Published online by Cambridge University Press: 28 September 2010
In January 1786, as he prepared for a mid-life career change from Scots advocate to English barrister, James Boswell ‘read in Blackstone for some days’. Some years later another Edinburgh lawyer hoped that William Blackstone’s Commentaries on the laws of England (Oxford, 1765–9), still regarded by English common lawyers as ‘the magnum opus of the eighteenth century’, might yield ‘a certain degree of Information in the English Laws’ to complement ‘the best Books (though we have none nearly so good) on Scots Jurisprudence’.
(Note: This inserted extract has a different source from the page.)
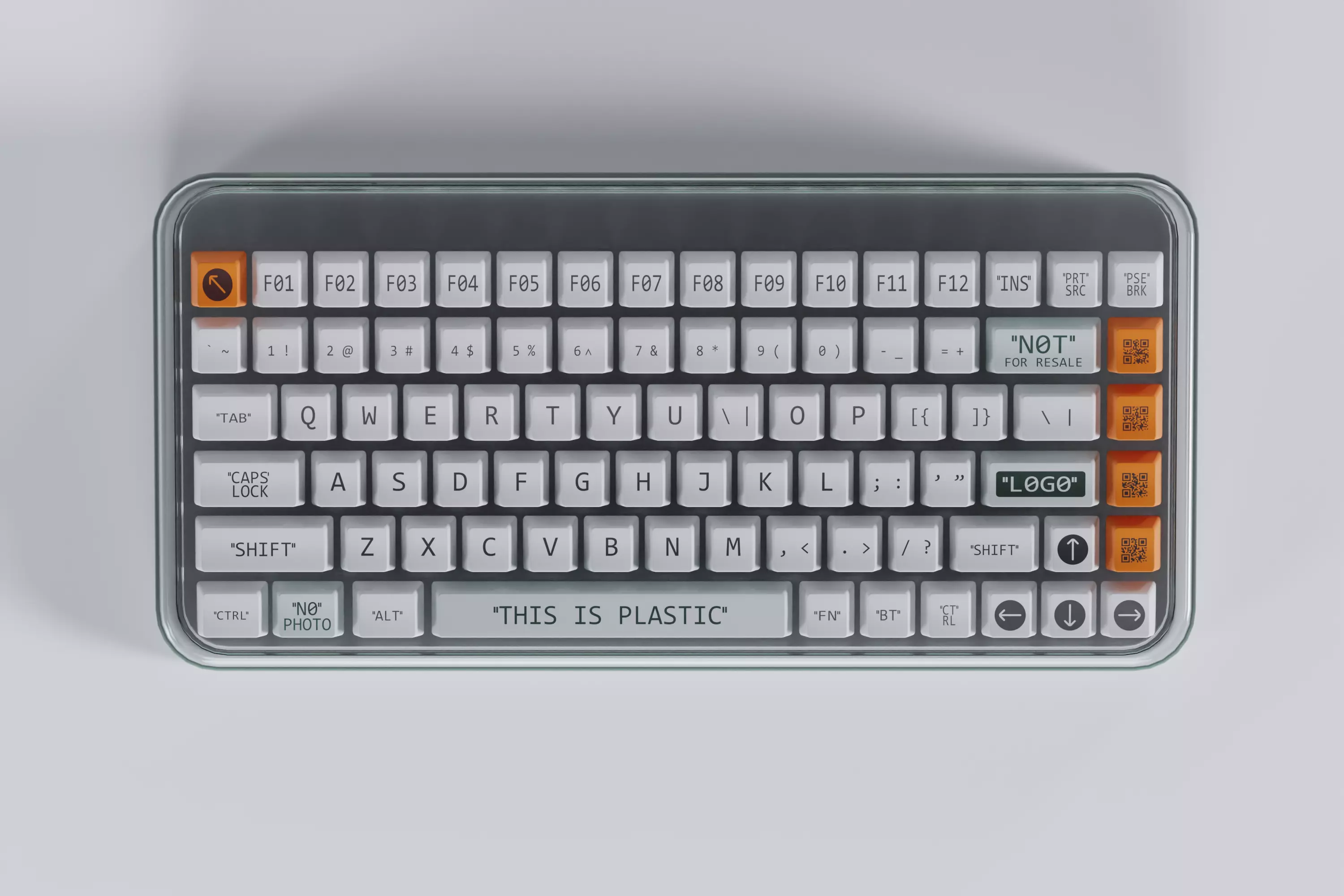 Custom Keyboard Mojo 84 3D model_0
The title of this volume notwithstanding, there was – and arguably still is – no such thing as British law. While facilitating some cross-border traffic of cases and practitioners, the first Act of Union (6 Anne c. 11) preserved the autonomy of English common law and Scottish Roman or civilian legal institutions. Nor did the second union of 1800 incorporate Ireland’s transplanted common-law jurisdiction (39 & 40 George III c. 67), although appeals from Dublin, as from Edinburgh, went henceforth to the House of Lords at Westminster. Irish courts and lawyers followed precedents and procedures laid down by English law books, many of which were reprinted in Dublin, like the pirated 1775 ‘sixth’ edition of Blackstone’s Commentaries, since no copyright legislation applied in Ireland until 1801 (41 George III c. 107). Yet English and Irish law were not identical. The 1780s also saw the first printed volumes of Irish law reports since the early seventeenth century; these heralded ‘a profusion of nominate Irish reports’, while not immediately ending complaints about the fated oblivion of Irish judicial decisions. That eighteenth-century Irish law publishing involved more than merely reprints for export to England and its colonies is, however, indicated by the appearance of such works as Matthew Dutton’s Law of masters and servants in Ireland (Dublin, 1723), ‘the earliest textbook in English in the field of labour law’.